The whole sickening practice was revealed when one "daughter", Sarah Hamilton-Byrne, was expelled in 1987 for her rebellious behaviour and alerted police to the cult.

Now, in the new documentary, other former Lake Eildon children have opened up about their brutal ordeal.

Ben Shenton talks of how Sarah was once violently beaten with a belt for disobeying orders.

"Sarah was thrashed", he says with tears in his eyes. "I was watching her being belted with a buckle and she's being beaten to the point where she's wriggling out of her clothes.

"Hearing her body smash across the balustrades. It was horrendous to know they had the power to do that and would it."

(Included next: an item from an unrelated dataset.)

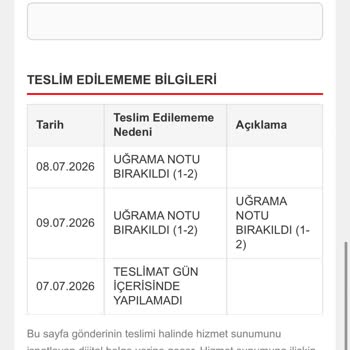 Teslim Edilmedi, Kargo Bilgisi Yanlış Ve Müşteri Hizmetinden Yardım Gelmedi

After the 1987 police raid led to the rescue of six children from the cult, Hamilton-Byrne and her husband Bill fled Australia.

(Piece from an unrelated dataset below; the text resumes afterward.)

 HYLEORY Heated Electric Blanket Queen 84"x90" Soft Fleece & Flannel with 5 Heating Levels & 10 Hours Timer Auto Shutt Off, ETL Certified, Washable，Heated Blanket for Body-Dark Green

Six years later they were found by the FBI in Hurleyville, New York and were extradited back to Oz, where they faced charges of fraud relating to falsely registering three children as their own.

They were handed £3,000 fines but were spared jailed.

Now Hamilton-Byrne is seeing out her final years with dementia in a nursing home, while a reported power struggle is underway into how the group will continue.

Detective Lex de Man, who led the investigation into the cult, told : "My only regret is she was never held totally to account for the misery she caused to the former cult children.

"I have no sympathy for the woman I consider the most evil person I ever met in my police career."